Commissie voor Leefmilieu, Natuur, Ruimtelijke Ordening en Onroerend Erfgoed
Vergadering van 04/12/2012
Vraag om uitleg van de heer Wilfried Vandaele tot mevrouw Joke Schauvliege, Vlaams minister van Leefmilieu, Natuur en Cultuur, over de inkomsten uit emissierechten die ingeschreven staan in het federale begrotingsakkoord voor 2013
- 316 (2012-2013)
Interpellatie van mevrouw Marleen Van den Eynde tot de heer Philippe Muyters, Vlaams minister van Financiën, Begroting, Werk, Ruimtelijke Ordening en Sport, over de Vlaamse inkomsten uit CO2-quota ingeschreven in de federale begroting
- 17 (2012-2013)
De voorzitter : De heer Vandaele heeft het woord.
De heer Wilfried Vandaele : Voorzitter, ministers, collegas, op 21 november jongstleden stelde de Federale Regering haar begrotingsakkoord voor 2013 voor. We hebben daar wat kritiek op gehoord, onder meer van onze eigen minister, minister Muyters.
De kritiek ging met name over de emissierechten. Zo rekent de Federale Regering in haar begrotingsakkoord op inkomsten uit de verhandeling van CO2 -emissierechten ten bedrage van 54,5 miljoen euro. Geld dat ons inziens toekomt aan de gewesten, aangezien leefmilieu en klimaat zonder twijfel gewestelijke bevoegdheden zijn.
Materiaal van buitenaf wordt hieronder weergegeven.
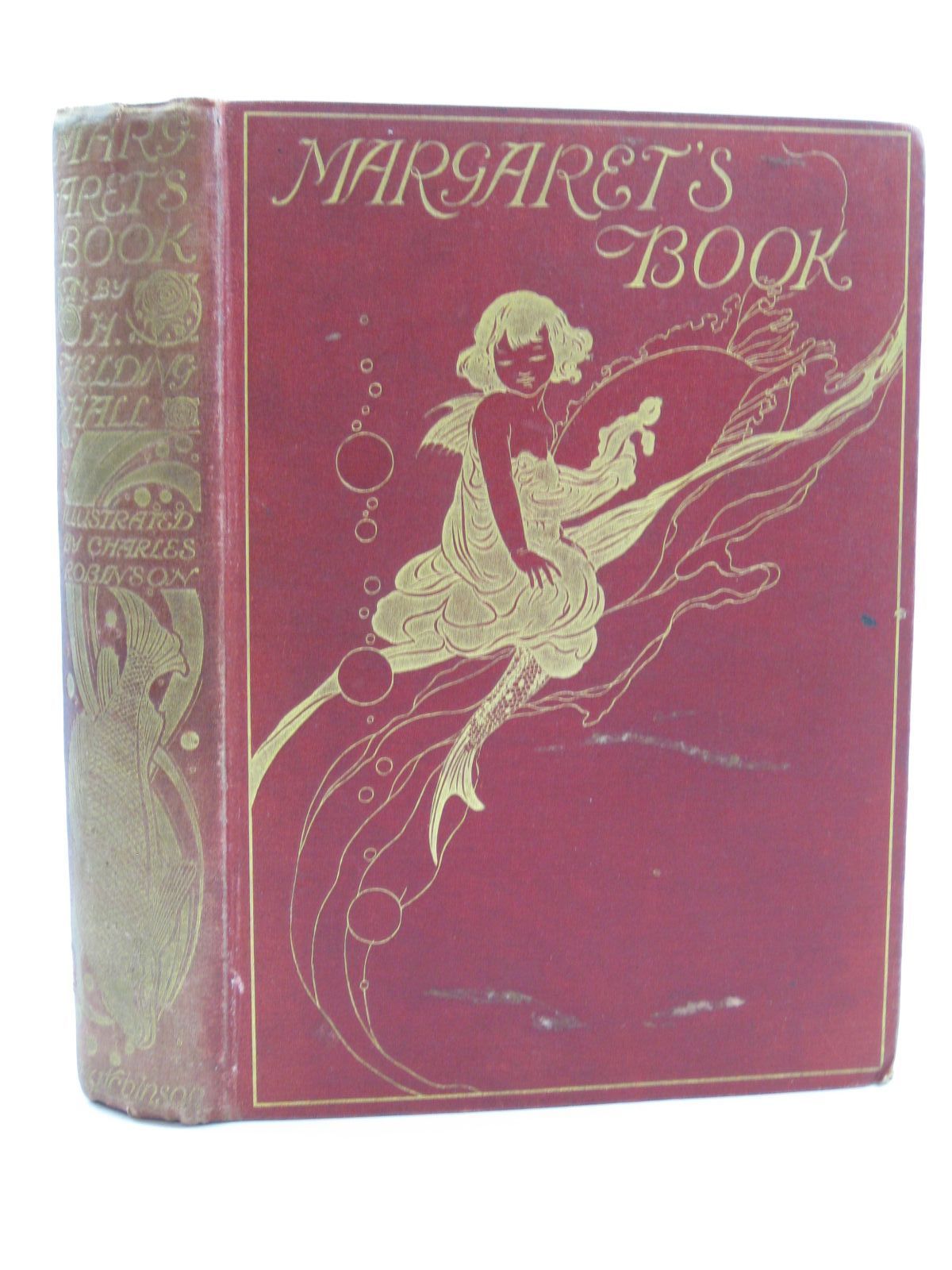 Photo of MARGARET'S BOOK written by Fielding-Hall, H. Miles, Alfred H. illustrated by Robinson, Charles published by Hutchinson &amp; Co. (STOCK CODE: 1507454)  for sale by Stella & Rose's Books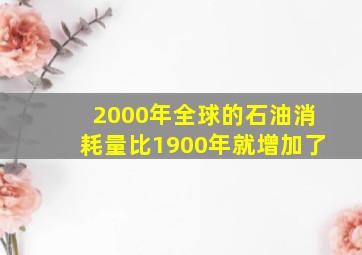 2000年全球的石油消耗量比1900年就增加了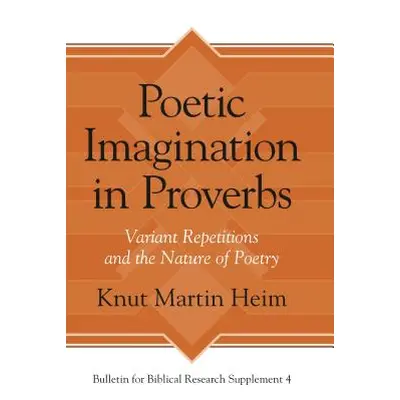 "Poetic Imagination in Proverbs: Variant Repetitions and the Nature of Poetry" - "" ("Heim Knut 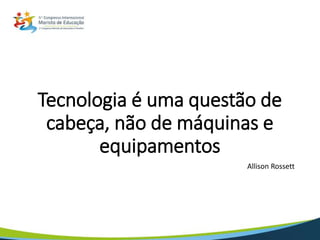 Tecnologia é uma questão de
cabeça, não de máquinas e
equipamentos
Allison Rossett
 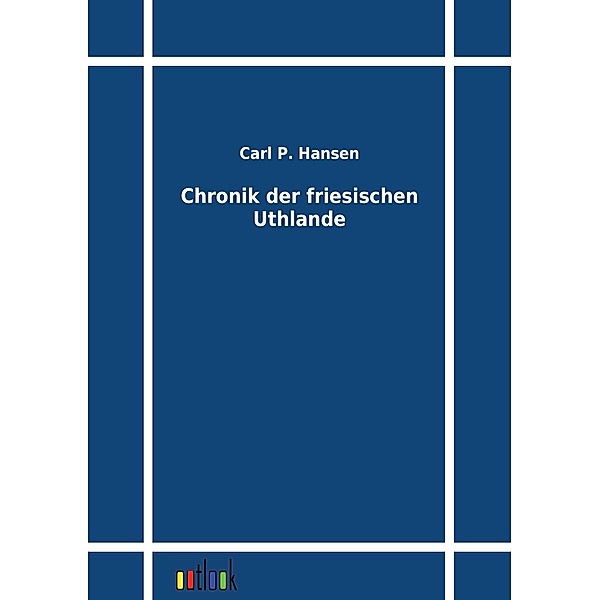Chronik der friesischen Uthlande, Carl P. Hansen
Ook de Waalse minister van duurzame ontwikkeling, Jean-Marc Nollet, deelt blijkbaar onze mening.
Ministers, de discussie over de financiering van klimaatmaatregelen hebben we recent nog gevoerd in het Vlaams Parlement, ook hier in de commissie. Vlaanderen rekent voor de financiering van onze mitigatiemaatregelen op de inkomsten uit de verhandeling van de emissierechten. Deze middelen zouden worden ondergebracht in het recent opgerichte Klimaatfonds.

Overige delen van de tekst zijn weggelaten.